Kelly, Jessica (2025) The industrialized designer: gender, identity and professionalisation in Britain and the United States, 1930-80. Journal of Design History (epaf02): epaf020. ISSN 1741-7279
This is a book review of: The industrialized designer: gender, identity and professionalisation in Britain and the United States, 1930-80 / by Leah Armstrong, (Manchester University Press, 2024).
In his talk at the 1971 Design Research Society Conference on the topic of design participation, Reyner Banham declared that "a professional is a problem-oriented man".
He went on to explain that the expertise through which professions were defined relied on the definitions of problems, meaning that professionals had a vested interest in maintaining those problems. Banham cast designers as problem makers rather than problem solvers. Leah Armstrong’s book opens with a related quote from Ivan Illich, who in 1977 declared that the age when people had problems and experts had solutions was over and the "illusion of professional omniscience and omnipotence" (page 1) was being called into question. The 1970s was the decade of the 'crisis of professionalism', captured in Banham and Illich’s polemics.
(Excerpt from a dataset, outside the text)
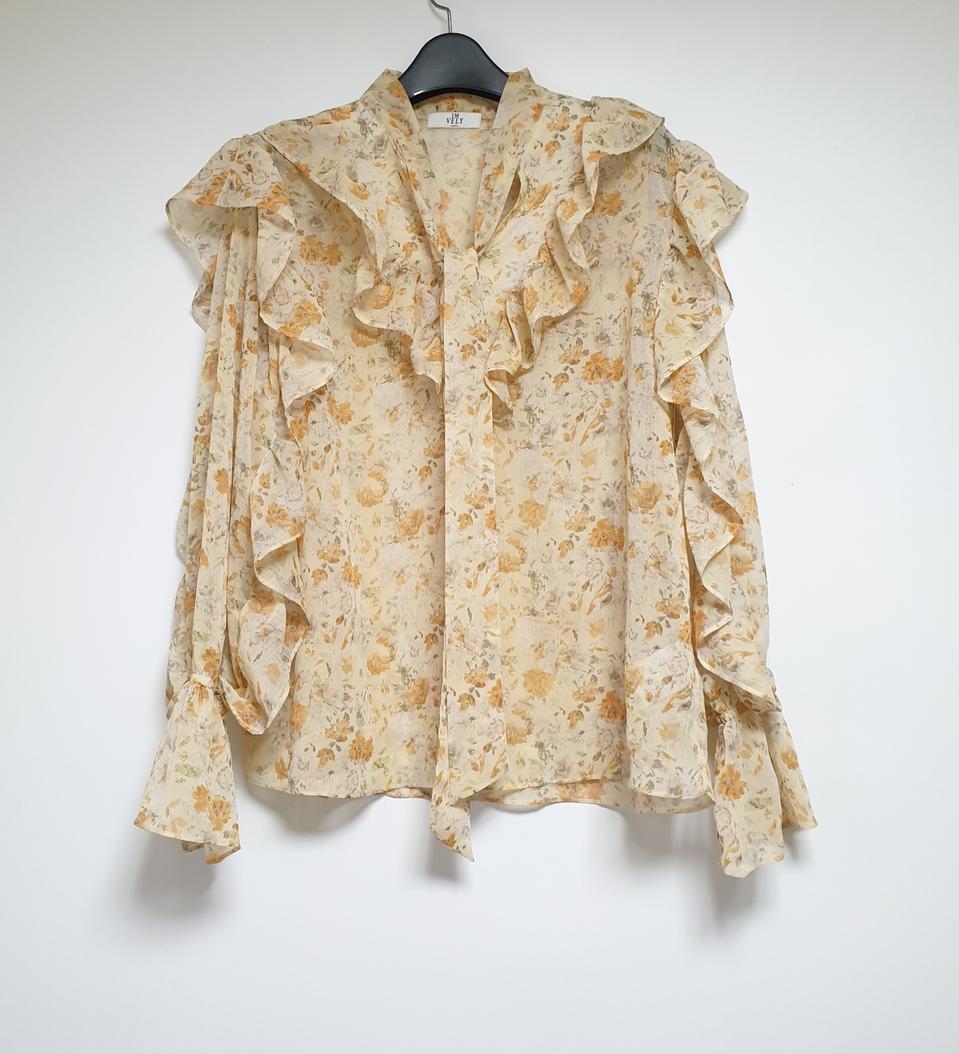 임블리블라우스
Armstrong’s insightful book, structured over six thematic and broadly chronological chapters, traces how the design profession arrived at this moment of crisis. It asks how the ideas and practices of professionalisation in design were defined and disseminated in Britain and the United States throughout the middle decades of the twentieth century and why, ultimately, they were doomed to failure. This critical history, unpicks - through detailed archival research in professional organisations and private collections and oral histories - how the profession of designer came to be characterised and, crucially, gendered. There are also important reflections on how the legacy of this twentieth-century professionalisation continues to shape discourses in design and the role of the designer today.